The delegate refused to grant the visa on the basis that the visa applicant did not meet cl.600.211 because the delegate was not satisfied that the visa applicant intended a genuine visit and would abide by the visa conditions.
The applicant’s mother, Ms Angelina Boon Yen Voon, appeared before the Tribunal on 17 September 2015 and at a resumed hearing on 15 October 2015, to give evidence and present arguments on behalf of her daughter. The Tribunal hearing was conducted with the assistance of an interpreter in the Mandarin and English languages.
The applicant was represented in relation to the review by her registered migration agent, Mr Matthew Rumley. However, Mr Rumley did not attend the Tribunal hearing.

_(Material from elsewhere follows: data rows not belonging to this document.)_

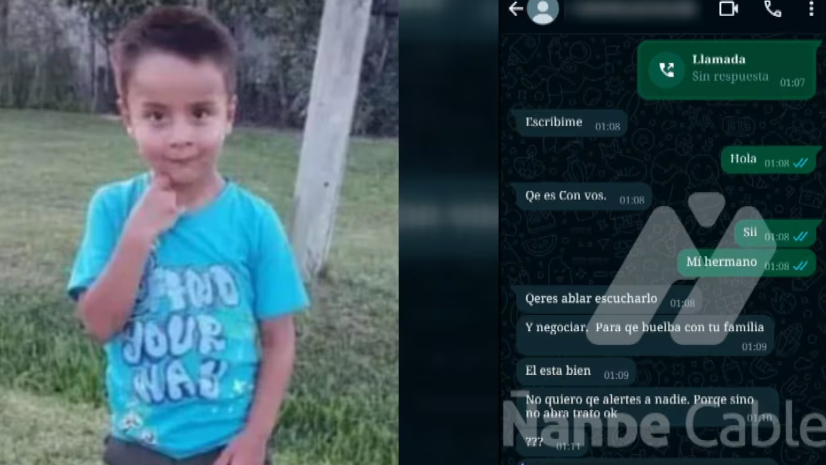 El hermano de Loan recibió un mensaje extorsivo, “Él está bien. No quiero que alertes a nadie porque sino no habrá trato ¿ok?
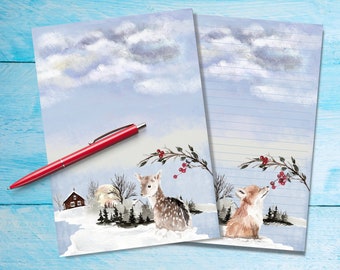 Winter Baby Animals A5 letter writing paper, Pen pal supplies, Stationery lined or unlined single sheets, Cute notepaper with/without lines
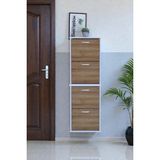 Eliusta Slim 4 Düşer Kapaklı 52 cm Meşe Asma Ayakkabılık Kapı Önü/antre 52X156X26 cm Ayakkabılık - Beyaz - Meşe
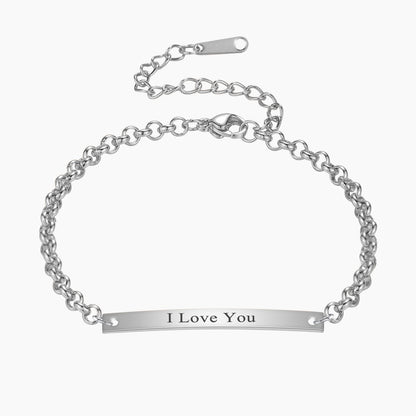 Personalized Engraved Bar Bracelet | Custom Name Jewelry with Adjustable Fit for Unique Gift Giving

For the following reasons, the Tribunal has concluded that the decision under review should be affirmed.
VISA HISTORY
The applicant has travelled to, and spent significant periods of time in, Australia since 2013. The applicant last arrived in Australia on 12 February 2015 as the holder of a UD601 Electronic Travel Authority (ETA), which ceased on 12 May 2015. On 26 April 2015, while still onshore, the applicant lodged an application for a visitor visa to extend her stay in Australia because “mother on student visa”.
Departmental records indicate that in the 18 months prior to the delegate’s decision, the applicant had been in Australia for 422 days and outside Australia for only 133 days.
CONSIDERATION OF CLAIMS AND EVIDENCE
The issue in this case is whether cl.600.211 is met, which requires the Tribunal to be satisfied that the visa applicant genuinely intends to stay temporarily in Australia for the purpose for which the visa is granted, having regard to whether the applicant has complied substantially with the conditions to which the last substantive visa, or any subsequent bridging visa, held by the applicant was subject; whether the applicant intends to comply with the conditions to which the Subclass 600 visa would be subject; and any other relevant matter.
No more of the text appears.